Não consigo lidar com o meu esquecimento
Hoje levantei-me antes do despertador tocar, engoli o pequeno-almoço e deixei os miúdos na escola.
Queria chegar à farmácia antes de todos para despachar a pilha de papéis que há já alguns dias “ cria raízes” na secretária. Estava a meter a chave a chave à porta quando vi o Sr. João a aproximar-se. Trazia os jornais enrolados debaixo do braço e na mão um saco de pano aos quadrados com a palavra pão bordada. Surpreendida por vê-lo tão cedo disse-lhe:
-Bom dia, veio ajudar-me a abrir a farmácia?
Sorriu e sentou-se à espera enquanto eu ligava as luzes da cruz e vestia a bata. Pus meia dúzia de canetas no bolso e prendi o cabelo com o elástico da Mada que tinha no pulso.
A papelada teria de esperar.
Como estávamos apenas os dois talvez conseguisse perceber a razão pela qual veio à farmácia antes das nove sem a sua Celeste.
Perguntou-me pelos miúdos.
-Os miúdos estão bem, a crescer depressa demais para o coração da mãe
-E o seu mais velho já está com quantos anos?
-Fez vinte e três este ano
-Já? Os anos passam mas continua sempre com esse ar de miúda
-Conheci a sua mãe quando estava grávida do seu irmão. A doutora era a menina com a mesma idade do meu filho mais velho
-Vivo neste bairro há mais de quarenta anos!
-Recordo-me dos meninos a correr para a carrinha dos gelados assim que se ouvia a música a tocar na praceta, lembra-se?
-Ainda tenho a cantilena gravada no coração e o sabor doce dos gelados na boca.
As palavras cheias de memórias de uma infância plena de brincadeiras de rua aqueceram-me o peito
Tira um papel amachucado do bolso da camisa e olha-me fixamente nos olhos como se estivesse a ganhar balanço para me dizer:
-A minha Celeste insistiu para eu trazer a lista da farmácia
Ao ver sua expressão esmorecida percebi o significado do pedaço de papel, era como tivesse aceite baixar os braços.
Cabisbaixo com os olhos postos no balcão num tom baixinho, como se na farmácia estivesse mais alguém além de nós os dois,confidenciou:
-Estou velho, esquecido, desorientado mas não estou maluco!
A Dona Celeste já me tinha contado que decidiram em família, apesar de a situação ser difícil, que o Sr. João tinha o direito de saber a verdade acerca do seu “esquecimento”. Pediram ao neurologista e à psicóloga para lhe falarem sobre a doença sempre reforçando o apoio incondicional da família.
Procurei reconfortá-lo:
-Sr. João não gosto de o ver tão triste, não é o único a entrar por aquela porta com uma lista no bolso. Vamos arrebitar! Não está sozinho, Tem o apoio da família e principalmente o amor da sua Celeste.
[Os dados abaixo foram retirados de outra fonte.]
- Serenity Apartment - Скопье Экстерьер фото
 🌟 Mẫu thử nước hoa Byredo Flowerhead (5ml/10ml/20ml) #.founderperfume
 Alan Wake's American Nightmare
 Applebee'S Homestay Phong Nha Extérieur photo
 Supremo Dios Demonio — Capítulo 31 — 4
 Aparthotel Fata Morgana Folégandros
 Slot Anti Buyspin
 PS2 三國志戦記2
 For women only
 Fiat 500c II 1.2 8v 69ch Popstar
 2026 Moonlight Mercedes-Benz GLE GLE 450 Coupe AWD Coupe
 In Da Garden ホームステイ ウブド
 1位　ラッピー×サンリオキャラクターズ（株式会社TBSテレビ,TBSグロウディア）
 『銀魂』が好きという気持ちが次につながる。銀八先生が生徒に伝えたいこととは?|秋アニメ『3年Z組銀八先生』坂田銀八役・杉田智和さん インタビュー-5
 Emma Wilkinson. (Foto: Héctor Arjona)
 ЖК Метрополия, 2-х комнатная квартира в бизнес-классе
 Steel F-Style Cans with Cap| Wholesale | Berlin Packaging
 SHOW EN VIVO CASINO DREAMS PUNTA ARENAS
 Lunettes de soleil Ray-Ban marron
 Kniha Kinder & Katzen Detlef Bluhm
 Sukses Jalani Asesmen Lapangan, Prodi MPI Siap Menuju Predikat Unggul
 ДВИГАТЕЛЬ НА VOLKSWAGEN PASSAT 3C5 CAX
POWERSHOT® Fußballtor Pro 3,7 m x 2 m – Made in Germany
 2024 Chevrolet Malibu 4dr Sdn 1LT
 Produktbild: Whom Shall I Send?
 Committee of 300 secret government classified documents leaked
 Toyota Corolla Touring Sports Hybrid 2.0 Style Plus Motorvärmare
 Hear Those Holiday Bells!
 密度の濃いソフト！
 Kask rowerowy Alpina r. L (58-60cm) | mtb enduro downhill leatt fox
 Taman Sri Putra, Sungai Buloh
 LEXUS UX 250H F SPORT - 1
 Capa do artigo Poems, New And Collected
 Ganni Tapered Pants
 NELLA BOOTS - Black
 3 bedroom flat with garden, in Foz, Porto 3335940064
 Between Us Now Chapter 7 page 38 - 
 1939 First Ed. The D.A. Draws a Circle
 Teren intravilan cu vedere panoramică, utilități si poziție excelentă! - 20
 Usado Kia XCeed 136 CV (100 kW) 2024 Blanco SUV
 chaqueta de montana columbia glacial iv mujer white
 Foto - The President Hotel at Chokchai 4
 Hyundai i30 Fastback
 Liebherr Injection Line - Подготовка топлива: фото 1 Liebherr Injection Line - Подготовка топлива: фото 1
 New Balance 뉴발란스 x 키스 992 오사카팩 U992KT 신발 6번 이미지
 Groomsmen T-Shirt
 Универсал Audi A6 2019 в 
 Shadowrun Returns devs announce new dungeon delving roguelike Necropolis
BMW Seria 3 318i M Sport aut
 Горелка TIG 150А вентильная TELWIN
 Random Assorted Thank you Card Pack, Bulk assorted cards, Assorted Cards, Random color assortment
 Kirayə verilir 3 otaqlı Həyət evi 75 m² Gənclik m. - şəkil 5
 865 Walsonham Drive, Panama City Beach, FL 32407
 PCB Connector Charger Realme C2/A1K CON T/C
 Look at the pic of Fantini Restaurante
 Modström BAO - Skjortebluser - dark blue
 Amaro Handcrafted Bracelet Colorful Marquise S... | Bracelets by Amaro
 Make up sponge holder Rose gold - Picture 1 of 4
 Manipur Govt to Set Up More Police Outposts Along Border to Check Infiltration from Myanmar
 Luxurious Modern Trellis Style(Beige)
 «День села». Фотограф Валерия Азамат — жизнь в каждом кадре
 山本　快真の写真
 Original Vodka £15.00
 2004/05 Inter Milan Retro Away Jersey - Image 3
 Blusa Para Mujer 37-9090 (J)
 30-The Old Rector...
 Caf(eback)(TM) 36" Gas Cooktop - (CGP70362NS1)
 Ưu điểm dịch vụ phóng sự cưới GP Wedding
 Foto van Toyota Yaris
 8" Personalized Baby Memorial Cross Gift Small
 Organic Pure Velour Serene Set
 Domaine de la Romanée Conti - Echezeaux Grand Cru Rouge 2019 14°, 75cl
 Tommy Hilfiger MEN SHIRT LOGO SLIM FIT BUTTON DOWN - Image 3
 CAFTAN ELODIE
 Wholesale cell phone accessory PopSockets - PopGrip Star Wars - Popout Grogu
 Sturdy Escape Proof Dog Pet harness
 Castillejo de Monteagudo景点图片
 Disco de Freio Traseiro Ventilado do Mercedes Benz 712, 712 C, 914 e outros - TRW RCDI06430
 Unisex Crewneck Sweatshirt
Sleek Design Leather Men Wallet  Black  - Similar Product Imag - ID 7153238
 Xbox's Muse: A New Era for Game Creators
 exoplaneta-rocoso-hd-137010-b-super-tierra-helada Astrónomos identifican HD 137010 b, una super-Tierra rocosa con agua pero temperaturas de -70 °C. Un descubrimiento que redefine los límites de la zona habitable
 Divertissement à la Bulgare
E, claro, pode sempre que vir ajudar a abrir a farmácia, mas atenção acampar à porta só é permitido em dias de concerto!”
Soltou uma gargalhada ruidosa, pegou nos sacos e despediu-se com um abraço sentido.
Sentei-me à frente da papelada com um aperto no peito e fui assaltada por pensamentos.
E se fosse comigo?
Queria saber a verdade sobre a doença para preparar a minha vida apesar de saber que ficaria aprisionada numa vida sem memória da qual as pessoas que amo não farão parte dela.